How are you doing with the little things? You know, the day-to-day “little” conflicts that we all experience. Walking down the street someone is walking toward you texting, looking down at their phone, never looking up, yet still walking toward you. Do you step out of their way or do you just have to say something to them in an aggravated tone?

No shame… that’s been me a time or two too many. You’re driving and someone cuts you off and then gives you the finger or maybe they are behind you honking impatiently at you to hurry up and go. Do you yell, curse, or flip the middle finger back?

What about when you are watching TV and the president or his supporters say something you hate or the anti-president talking head says something you oppose? Do you scream, name-call, or curse at the TV? How do you handle the cashier that’s slow or worse has a less than pleasant attitude even though you’ve been extra nice?

You see, all of this is important because the effects are cumulative and when the major conflicts happen in your life, somebody is bound to pay for the little things. That co-worker, your significant other, your children, your best friend. Somebody is feeling the effects of the little things. People are on edge and the encouragement to react to even the little conflicts in the worst, non-productive ways is all around us. News shows, talk shows, reality shows, music, social media, friends, family, and frenemies, are all willing to celebrate our bad behavior as long as it is for their cause.
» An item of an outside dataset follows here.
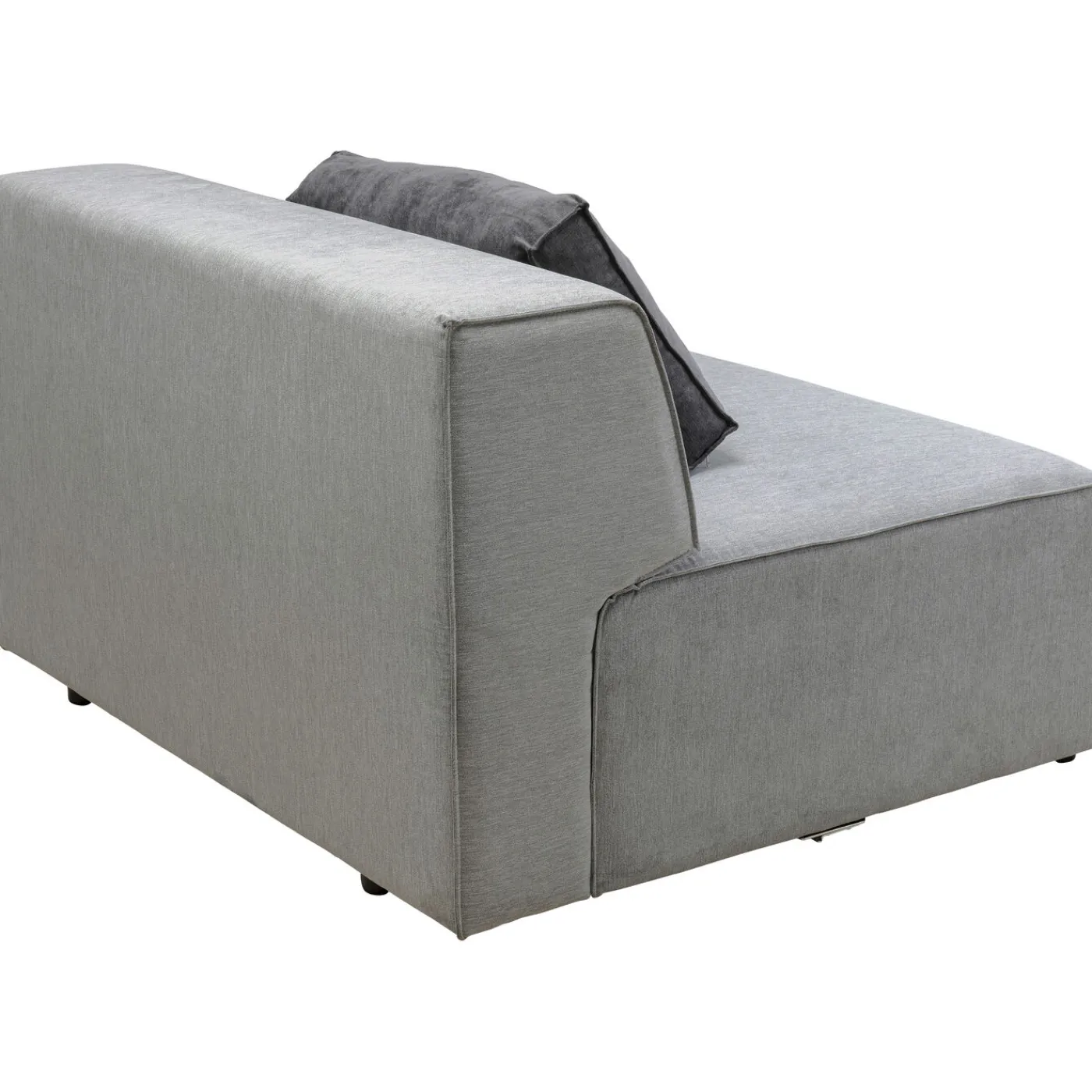 KARE Design Infinity 2-Places 120 Éléments Gris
Sorry Michelle Obama, but when they go low, we go low is the new battle cry. How low can you go is not just a Limbo chant, it is now our country’s chant, quickly being picked up by the rest of the world.

I’m concerned…

So, may I share what helps me with the little things?

  1. Take care of yourself. When you are rested, nourished, loved, playful and relaxed, it is easier to release the feelings you are holding on to related to the little things.
  2. Make sure your conflict resolution game is on point (top-notch). These days, these skills are no longer optional. They can make the difference between life or death, fired or promotion, harmony or chaos.
  3. Check in and be mindful. Know what’s going on around you and within you at all times so that you’re not reacting unconsciously. Keep track of how you react to the little things.
  4. Go out, see loved ones, meet people, connect, and learn patience, forgiveness, and kindness.
  5. Disconnect from your phone, the news, negative thoughts, and energy for at least two waking hours every day.

Oh, and maybe you can look up from your phone and stop texting while you are walking, or wave a hand of apology when you accidentally cut someone off and pay attention to how you are speaking to people when things aren’t going your way because, in someone else’s day, YOU are responsible for the little things. Yeah, I’ve been there too.

By taking the time to pay attention to how we are managing ourselves in handling the day-to-day little things we will gain the wisdom, strength, and patience to handle the rest.